WALTERBORO, S.C. — Hotel rooms have been booked for weeks in this small South Carolina city, about 50 miles west of Charleston, where some residents have advertised their homes on Airbnb for hundreds of dollars a night.
In a parking lot across from the Colleton County Courthouse, food trucks will be catering to an anticipated throng of legal teams, law enforcement, news outlets and members of the public, from true crime enthusiasts to curious gawkers, all converging for what one local newspaper has headlined “the trial of the century.”
That trial — of Alex Murdaugh, the scion of a well-connected legal family who stands accused of murdering his wife, Margaret, and their son, Paul, with a shotgun and rifle — is slated to begin Monday with jury selection. The frenzy of the trial could potentially last a few weeks, and Court TV is promoting “gavel-to-gavel coverage.”

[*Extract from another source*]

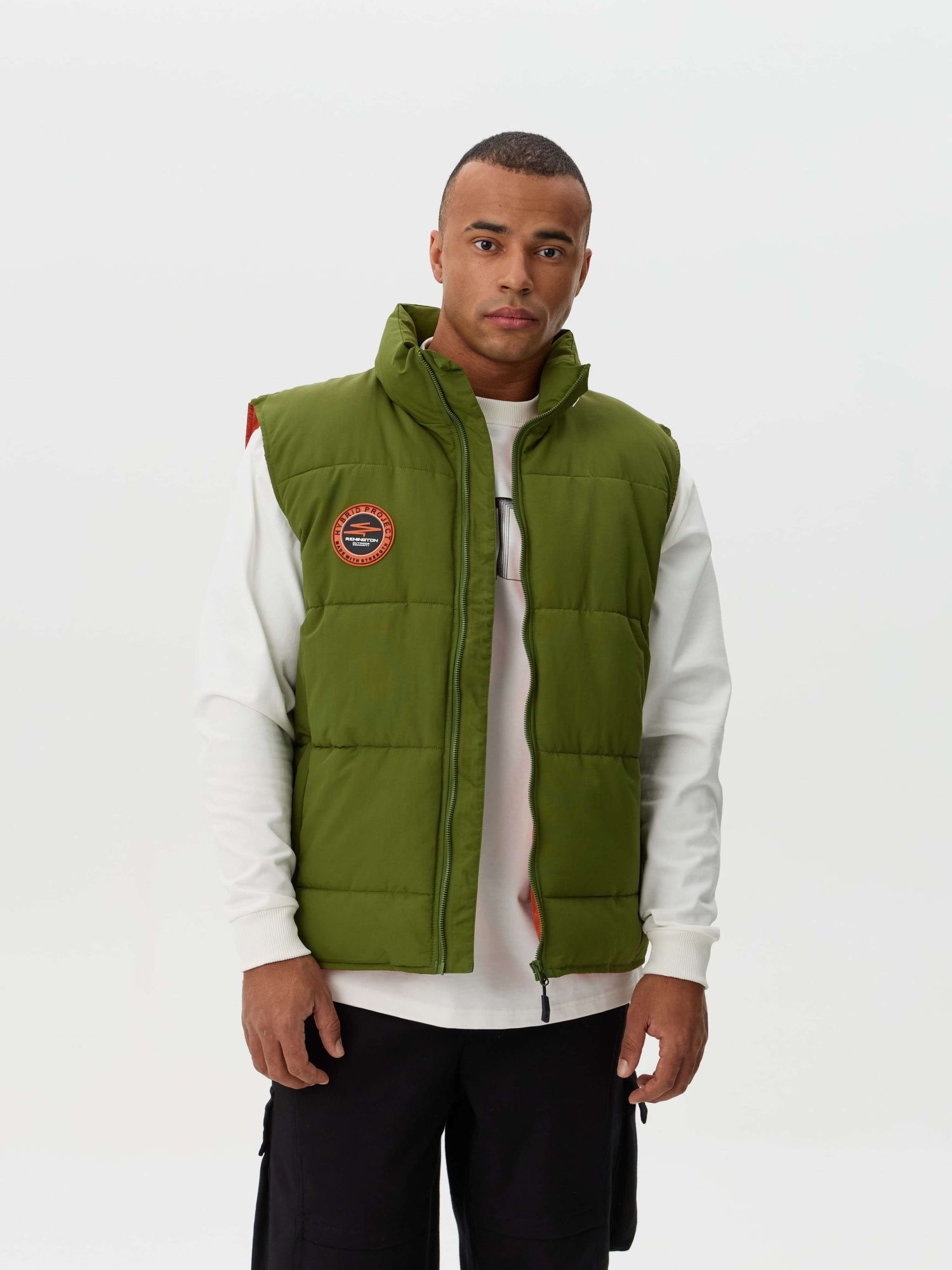 Мужской осенний жилет Remington Vest Eldar Green, зеленого цвета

Since the evening of June 7, 2021, when Murdaugh frantically called 911 to say he had found his wife and son fatally shot near the dog kennels at their Colleton County estate, the saga spawned attention as an unsolved double homicide, but it soon unraveled into wider allegations of financial fraud, a hired hit man plot and drug addiction, and revived scrutiny into other curious deaths linked to the prominent family.
Few trials in recent memory have riveted this region of South Carolina, known as the Lowcountry, where for nearly a century, fathers of three generations of Murdaughs wielded power as top prosecutors for a cluster of counties. But the perceived spectacle means that not only will Murdaugh be on display — so will the county seat of Walterboro, population 5,460.
“We didn’t want this, but it’s happening, and it’s here,” Scott Grooms, Walterboro’s director of tourism and downtown development, said last week. “We have to put on our best face and take care of our guests.”
The logistics of pulling off a major trial is not lost on Grooms, a former television journalist who covered the 1995 trial of Susan Smith, the white South Carolina mother who had falsely told police a Black man had kidnapped her two infant sons in a carjacking before confessing she had drowned them in a lake.


The Smith trial, imbued with racial overtones, was held in the tiny city of Union and brought a wave of international interest and outsiders clamoring to visit the lake. Simply finding a place to eat was a chore, Grooms recalled.
But, he said, he didn’t want Walterboro to be caught flat-footed, and after Christmas, he posted on Facebook that the town was soliciting food trucks to set up near the courthouse.
Almost immediately, comments were divided:
“Clowns and concessions, now all you need is a trapeze troop to complete the three ring circus.”
“This is so disrespectful.”
“It is better that our community is perceived as prepared rather than not.”
The cost of the trial was not immediately available, but in a city where the annual budget is about $7 million, there are necessary expenses, such as police overtime, portable restrooms, signage and fencing that have to be taken into account.
“We’re ready to roll with it — we have to be,” Grooms said. Later, on his way to a meeting, he glanced at the latest news on a cellphone, his eyes widening: Netflix had just dropped a trailer for a docuseries about the case, titled “Murdaugh Murders: A Southern Scandal.”
A winding case
The Murdaugh name runs so deep in the Lowcountry that the Colleton County Courthouse had to remove a portrait of Randolph “Buster” Murdaugh Jr., Alex Murdaugh’s late grandfather and a top prosecutor for 46 years, from a back wall of the courtroom during the trial. (Alex's father, Randolph Murdaugh III, had been seriously ill and died at age 81, three days after Maggie, 52, and Paul, 22, were killed, adding to the intrigue.)

While Alex Murdaugh, 54, was from neighboring Hampton County, he had also been a fixture at the Colleton County Courthouse for years, having represented clients as a personal injury attorney in the Lowcountry before he was disbarred last summer.
About 900 jury summons notices went out in a county of about 38,600 people. With so much at stake, local officials want the process to run smoothly, so as not to trigger a mistrial.

Legal experts say jury selection in South Carolina is typically not drawn out, but this is not an ordinary trial, and Murdaugh’s defense team and the prosecution — led by chief prosecutor Creighton Waters of the state Office of the Attorney General — will be especially strategic in seating jurors. If found guilty, Murdaugh could face life in prison without parole.